● REQUIREMENT
Of all the entries below, retype only the lines from the one with "calculator vector icon calculator" through the one with "Violet Gratitude Thank You Card", exactly as they appear.

● DATA EXTRACTS
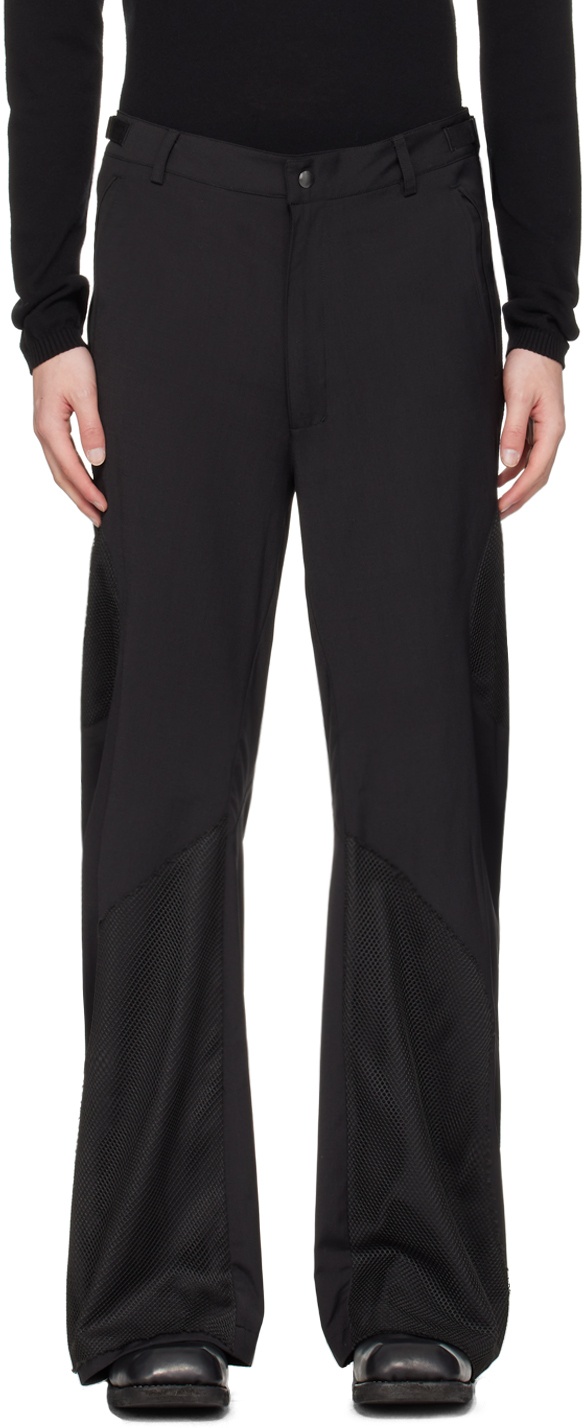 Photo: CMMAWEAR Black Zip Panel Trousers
---
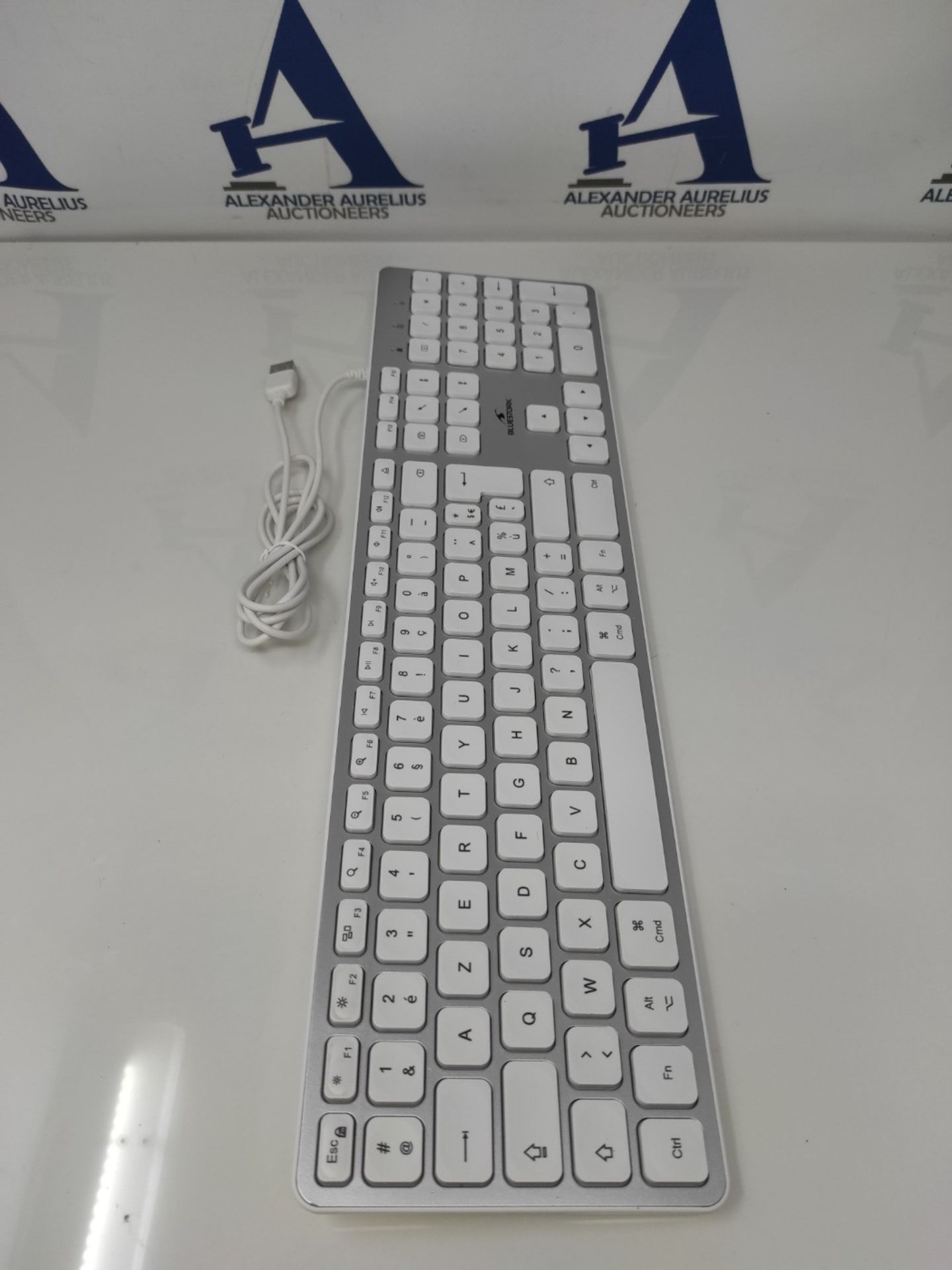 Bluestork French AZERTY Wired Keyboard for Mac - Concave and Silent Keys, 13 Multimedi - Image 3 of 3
---
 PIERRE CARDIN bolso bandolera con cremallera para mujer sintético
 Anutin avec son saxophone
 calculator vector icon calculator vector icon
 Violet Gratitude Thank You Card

● OUTPUT FOR THIS EXERCISE
 calculator vector icon calculator vector icon
 Violet Gratitude Thank You Card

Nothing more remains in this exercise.